**INPUT**
********

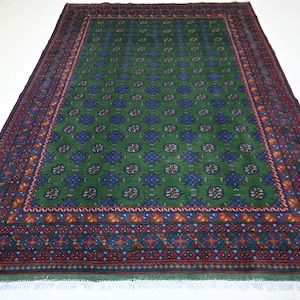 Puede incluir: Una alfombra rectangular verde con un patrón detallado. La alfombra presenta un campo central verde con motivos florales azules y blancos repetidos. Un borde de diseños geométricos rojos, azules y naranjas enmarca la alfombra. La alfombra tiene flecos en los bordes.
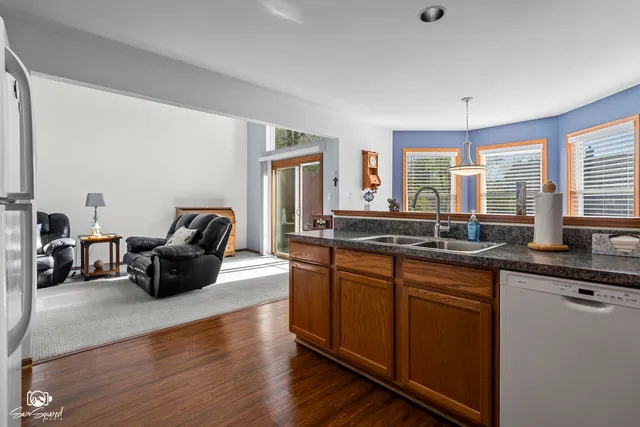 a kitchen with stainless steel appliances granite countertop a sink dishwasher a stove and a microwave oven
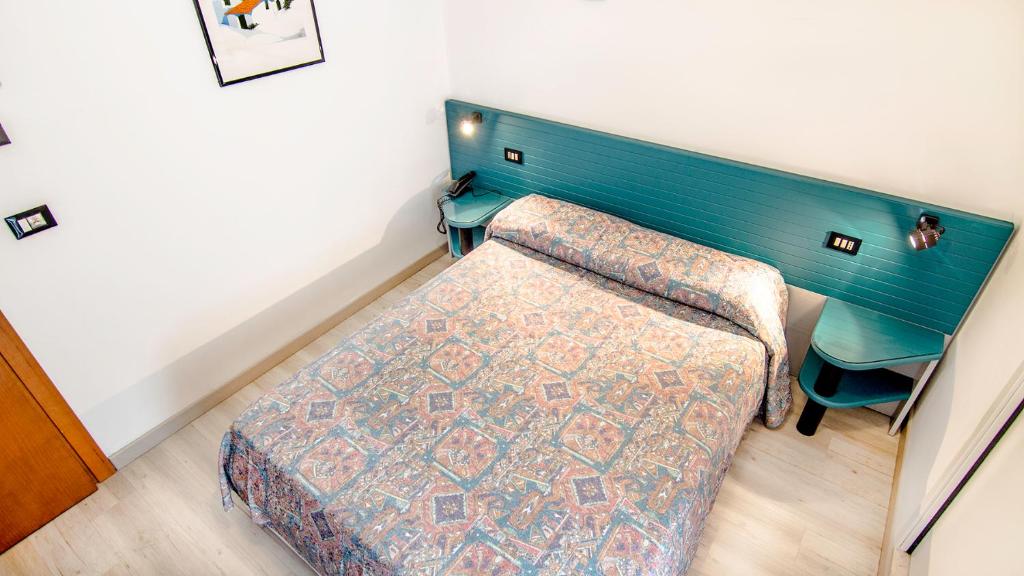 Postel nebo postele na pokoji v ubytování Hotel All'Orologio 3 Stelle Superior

********

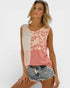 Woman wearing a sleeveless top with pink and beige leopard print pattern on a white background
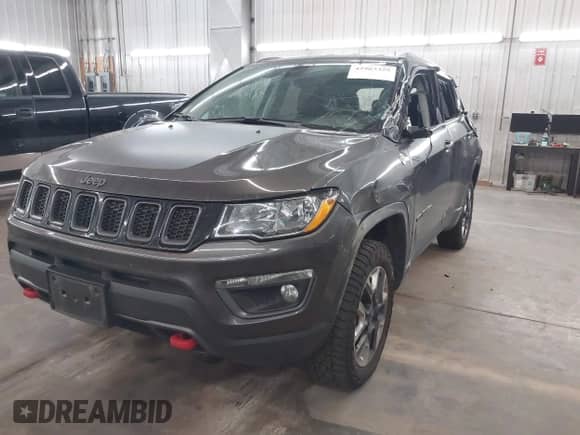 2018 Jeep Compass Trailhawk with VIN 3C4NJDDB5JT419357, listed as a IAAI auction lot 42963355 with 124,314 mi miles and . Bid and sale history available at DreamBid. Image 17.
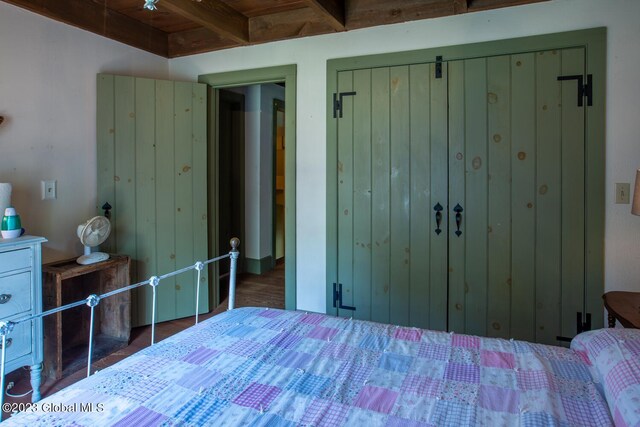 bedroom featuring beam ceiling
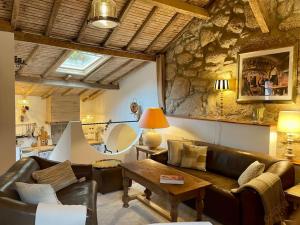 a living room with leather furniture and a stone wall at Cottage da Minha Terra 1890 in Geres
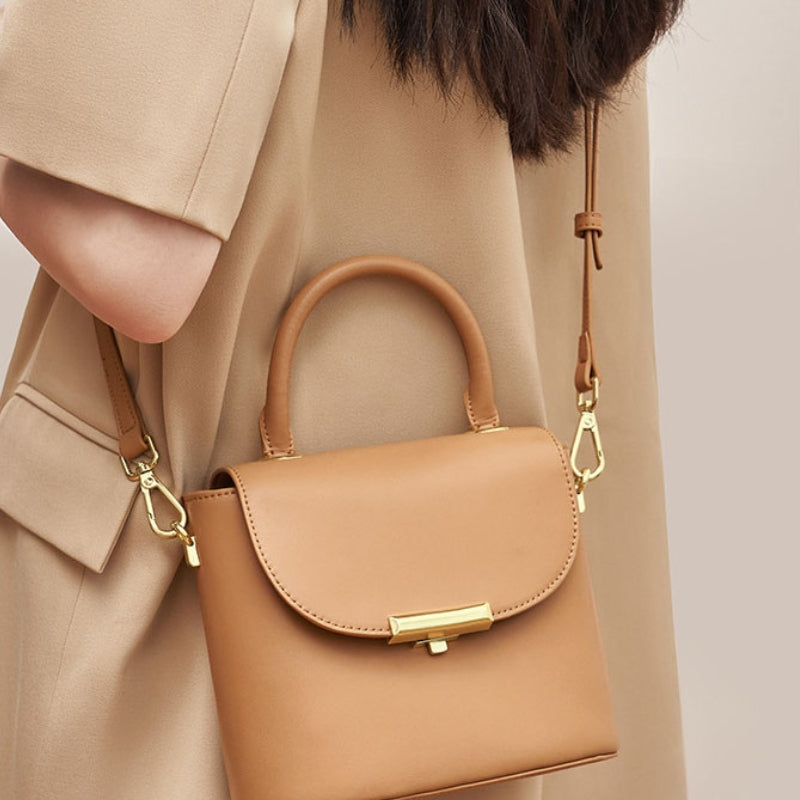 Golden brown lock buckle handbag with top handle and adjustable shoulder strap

********

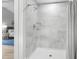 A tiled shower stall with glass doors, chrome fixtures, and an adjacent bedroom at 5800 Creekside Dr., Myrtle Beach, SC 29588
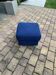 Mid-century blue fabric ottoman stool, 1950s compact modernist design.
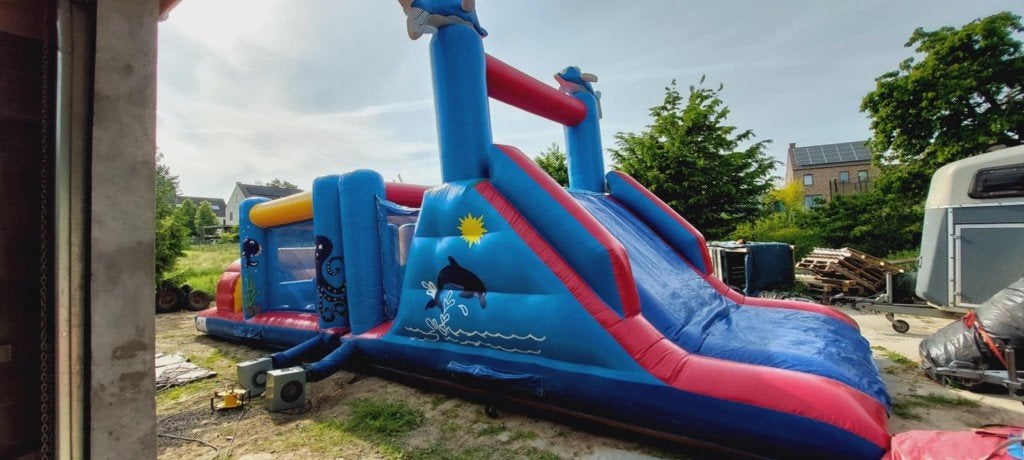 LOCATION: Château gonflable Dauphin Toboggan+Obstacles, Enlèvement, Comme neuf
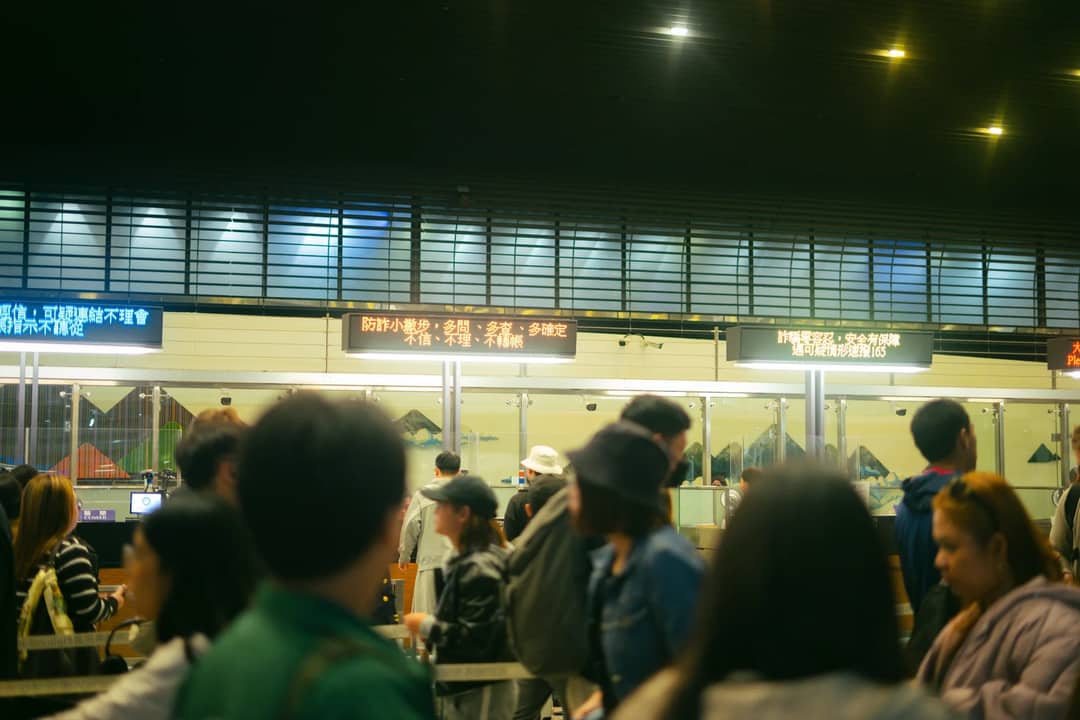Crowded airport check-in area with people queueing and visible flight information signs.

********

**DIRECTIONS**
Using the material above, reproduce only the lines that run from the line with "bedroom featuring beam ceiling" up to and including the line with "Golden brown lock", exactly, with the pictures dropped.

**SOLUTION TO THIS EXERCISE**
 bedroom featuring beam ceiling
 a living room with leather furniture and a stone wall at Cottage da Minha Terra 1890 in Geres
 Golden brown lock buckle handbag with top handle and adjustable shoulder strap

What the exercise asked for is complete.